Lamentations 3:40

"Let us examine our ways and test them, and let us return to the Lord."



Monday, August 22, 2011

Just Another Day in Paradise...

So, what does a typical day in the Massengill household entail??
Tons of play-time....
 Making big messes... (and then Mommy cleaning up those messes...)
And, of course, mastering new skills!
      Saturday Rylee drank out of a straw for the very first time, and today she definitely mastered that skill! She came up to a powerade I'd been drinking and just sucked a big gulp out that straw like she'd been doing it forever. My silly girl.
     The fall semester starts a week from today. This is my last fall semester as an undergraduate (I'm sure I'll have more semesters as a grad-student eventually...). It seems like I just started college. Time sure flies. This semester I have all night classes, not by choice really, I just took the classes I needed and that's when they were offered. I think I'm going to enjoy still getting to spend my days with Rylee, but I've never really liked night classes. My brain is just not in it's best learning shape after 5 PM. But I'm sure it'll be fine. I've always just been good at school regardless. Some days I will have to spend my days in classrooms completing field hours and then spend my nights in classes. Those days are the ones that make me wanna quit.When I leave before Rylee gets out of bed and pick her up just in time to lay her down for the night, it makes me want to die just a little. I always want to be there for her. However, I know she is in AMAZING hands when I'm at school, and she is with people she loves and who love her so much. That makes it bearable. I also know that finishing college on time after having her, will set a good example for her to know how important education is. I obviously value it, considering I'm striving to be an educator.
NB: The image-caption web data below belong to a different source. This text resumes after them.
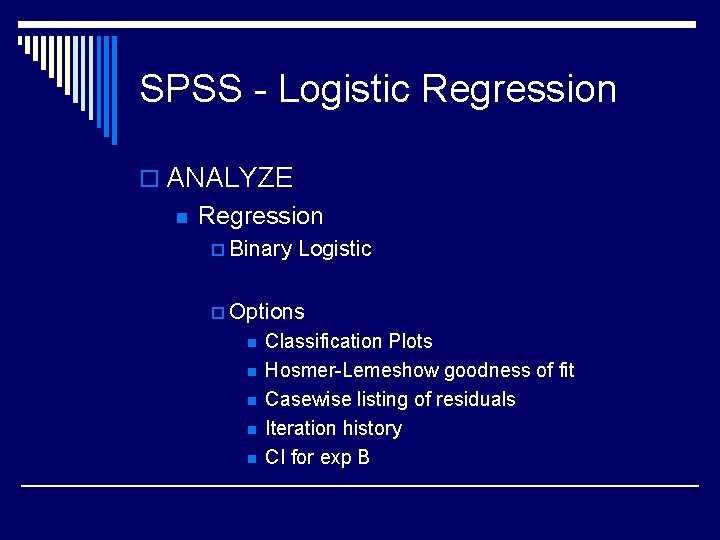 SPSS - Logistic Regression o ANALYZE n Regression p Binary Logistic p Options n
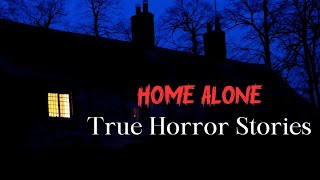 8 TRUE Scary Stories of Being Home Alone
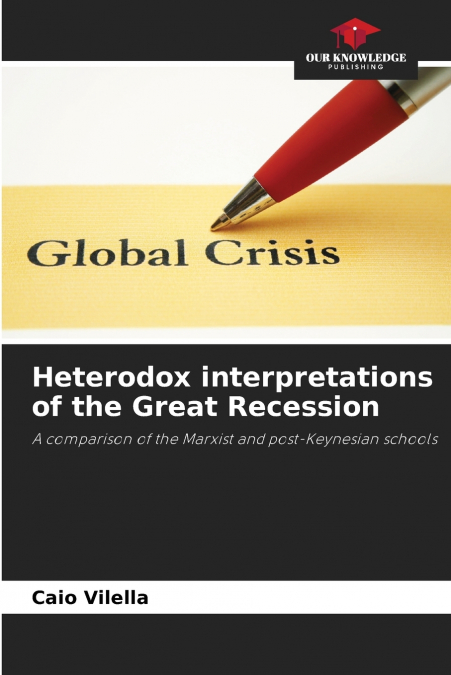 Heterodox interpretations of the Great Recession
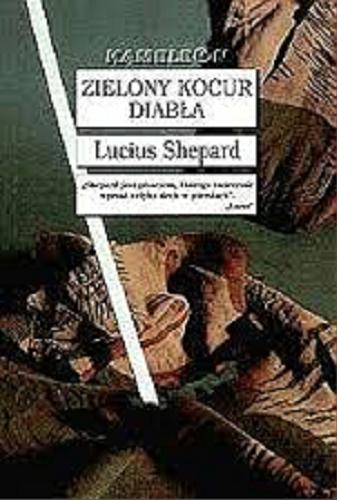 Okładka książki Zielony kocur diabła / Lucius Shepard ; tł. Andrzej Ziembicki.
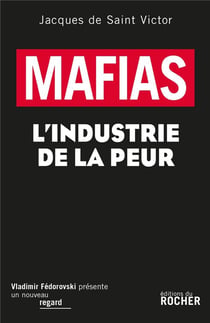Mafias - histoire de l'industrie de la peur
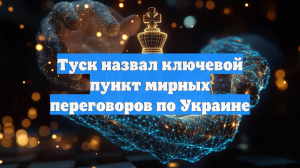 Туск назвал ключевой пункт мирных переговоров по Украине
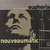 Euphoria. Nouveaumatic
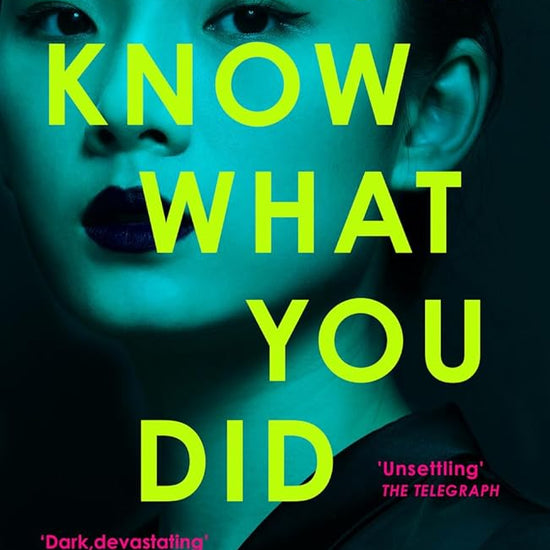 You Know What You Did: The AGATHA AWARD WINNING Debut – A psychological thriller of obsession, secrets, and a fractured mind cover image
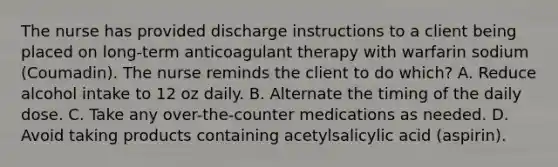 The nurse has provided discharge instructions to a client being placed on long-term anticoagulant therapy with warfarin sodium (Coumadin). The nurse reminds the client to do which? A. Reduce alcohol intake to 12 oz daily. B. Alternate the timing of the daily dose. C. Take any over-the-counter medications as needed. D. Avoid taking products containing acetylsalicylic acid (aspirin).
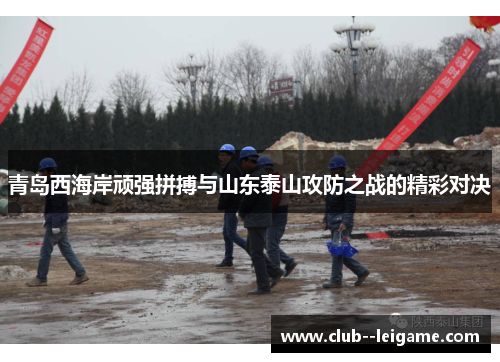 青岛西海岸顽强拼搏与山东泰山攻防之战的精彩对决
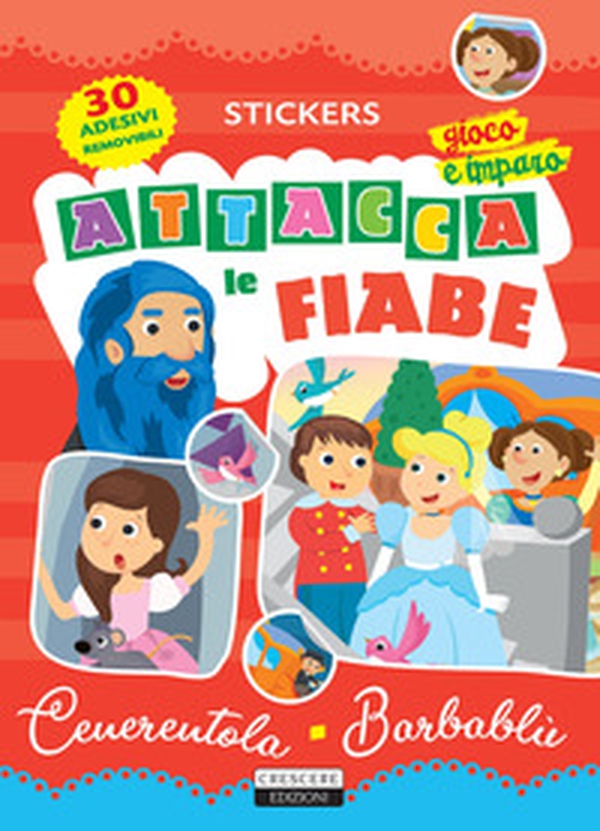 Attacca le fiabe: Cenerentola-Barbablù - Librerie.coop Attacca le fiabe: Cenerentola-Barbablù - Librerie.coop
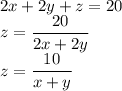 2x+2y+z=20\\&#10;z=\dfrac{20}{2x+2y}\\&#10;z=\dfrac{10}{x+y}
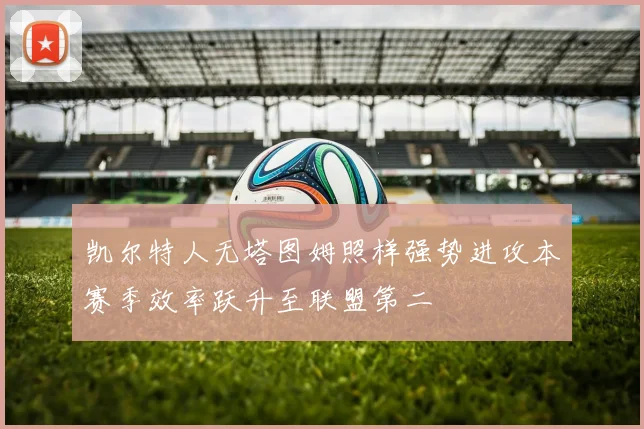 凯尔特人无塔图姆照样强势进攻本赛季效率跃升至联盟第二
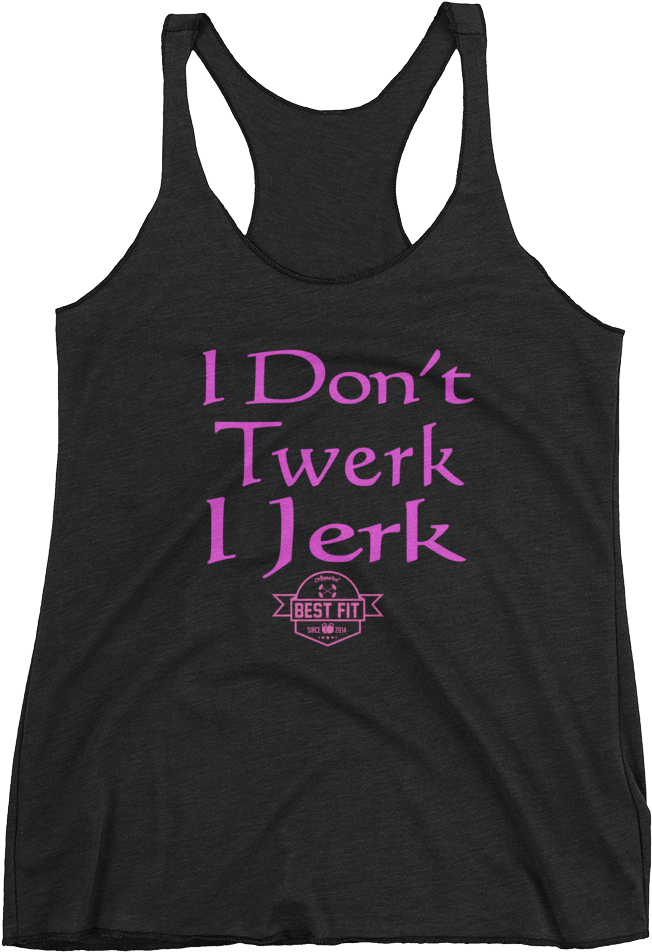 I Don't Twerk, I Jerk - Aboutthatprint Everything Hurts And I'm Dying Tank, (1000x1000), Png Download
This time next year (lord willing), I will have a full-time job. That's hard for me to imagine, being away from her for 40 hours every week. It's going to be quite an adjustment. I'll get a taste of it during the Spring semester while I Student Teach. I'm so nervous about that. I'm just not used to being away from her that much. But I know I'm going to love it, so I'm sure that'll make it easier. It'll be an adjustment, but I'm trying to be willing to adjust.